If you can’t prove to a lender that you can afford the VA loan, you may find that your loan application gets denied. Keep reading to learn the top reasons VA loans get denied.
When a lender pre-approves you for a VA loan, they pull your credit. That doesn’t mean that they won’t pull it again, though. A pre-approval can last you as long as 90 days in some cases. You then have the time that it takes to process your loan application and buy the home. Overall, you could be looking at several months between your pre-approval and loan closing.
If during that time, you ruined your credit in some way, you could lose your loan approval. While the VA doesn’t have a minimum credit score you must have, they do look at your credit history. They want to make sure that you don’t have any late payments, defaulted loans, or too much revolving debt outstanding at once. If you open new credit, fall behind on your payments, or charge up too many credit cards, you could put your approval at risk.
The VA has strict rules regarding your income. While they don’t put a lot of emphasis on debt ratios (comparing your income to your debts), they do need to know that your total debt ratio doesn’t exceed 41% of your gross monthly income.
The VA also needs to know that you have enough disposable income according to their guidelines. They determine exactly how much disposable income that you need based on your family size and the location that you live. If you don’t meet the disposable income requirements, you may lose your loan approval.
It’s important to note that if you do happen to have a total debt ratio that exceeds 41%, you may be able to get away with it, if you have more disposable income.

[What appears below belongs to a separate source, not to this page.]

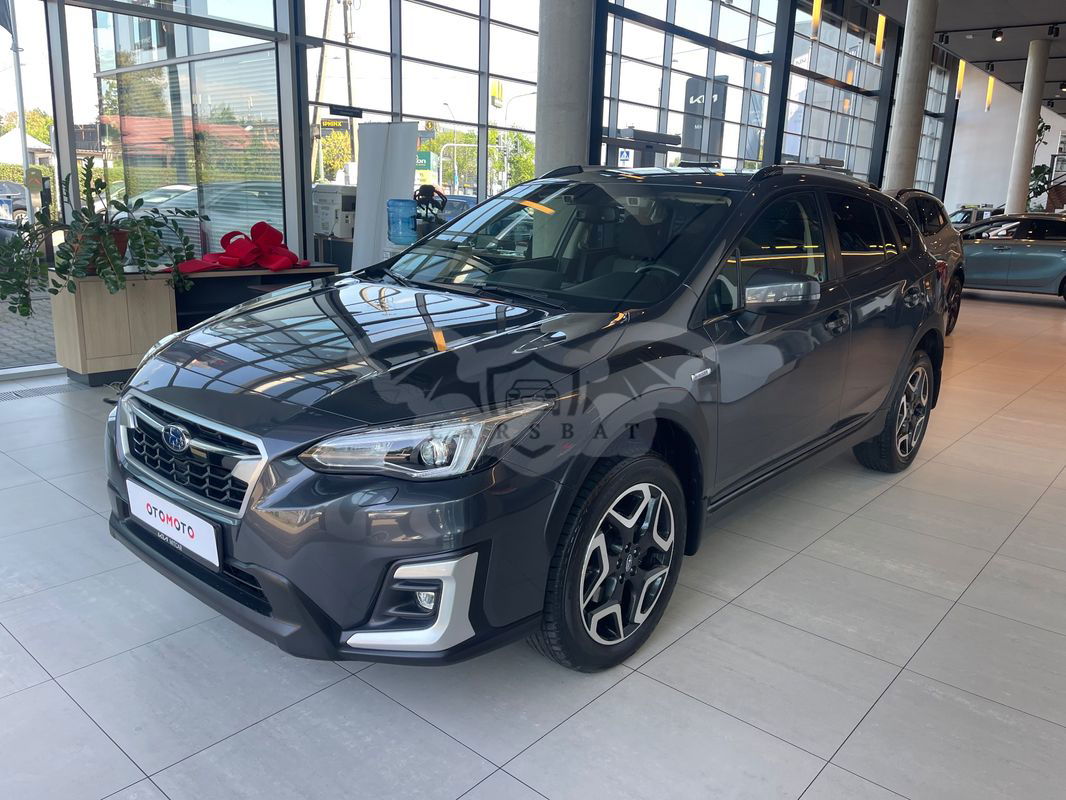 Subaru XV 2.0i-S Platinum (EyeSight) Lineartronic 2020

You can ask your lender how much more disposable income you must have in order to allow a debt ratio up to 43%.
In a perfect world, veterans would have at least a 2-year employment history at the same job when they apply for a VA loan. We don’t live in a perfect world, though, so lenders often cut you some slack. You can have several jobs within the last 2 years and still qualify, but not always.
If you changed jobs recently and you changed industries, the VA may frown upon the change. This could put your loan approval at risk. Let’s say, for example, that you worked as a lawyer and then suddenly six months ago you switched jobs and are now an accountant. Those two industries aren’t directly related, which means that the lender takes a risk giving you a loan when you are at a job that you don’t have a long history working.
If you want to change jobs either just before or during a loan application, talk it over with your loan officer. Sometimes it’s just a matter of sticking it out at the same place of employment for another few months until your loan closes. If you change jobs, you could put your loan status at risk.
Believe it or not, you could be a part of the reason your VA loan gets denied. You have to be an active participant in the loan process. You can provide the lender with your initial documents and information, but you can guarantee they always need something more.
If you wait too long to provide your documents or you don’t provide them at all, you put the integrity of your loan approval at risk. If you wait too long, your purchase contract may expire, which puts you in even more hot water. In the end, you could be without a loan approval.
VA loan applications do get approved often, but there is always the chance that it won’t get approved. Make sure that you maximize your credit score, keep your credit in good standing, keep your debts low, and keep your employment stable for the best chances of approval.